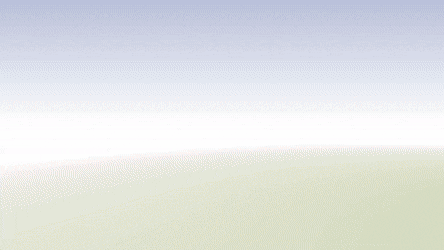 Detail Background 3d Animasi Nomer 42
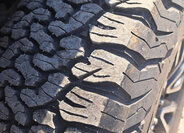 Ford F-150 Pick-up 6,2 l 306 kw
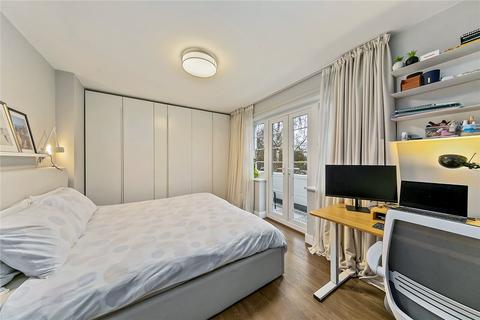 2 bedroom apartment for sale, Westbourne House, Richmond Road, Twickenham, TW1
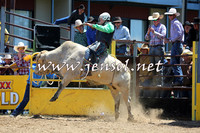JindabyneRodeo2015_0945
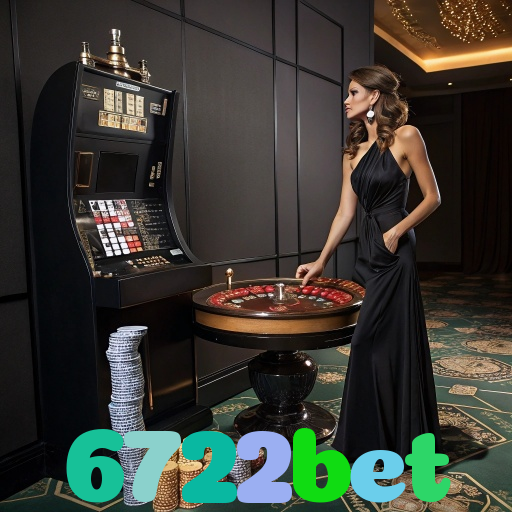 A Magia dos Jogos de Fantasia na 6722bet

* * * * * * *

*To do*.
Nothing but the pictures should be left out when the records are retyped exactly.

*Final answer*.
 Detail Background 3d Animasi Nomer 42
 Ford F-150 Pick-up 6,2 l 306 kw
 2 bedroom apartment for sale, Westbourne House, Richmond Road, Twickenham, TW1
JindabyneRodeo2015_0945
 A Magia dos Jogos de Fantasia na 6722bet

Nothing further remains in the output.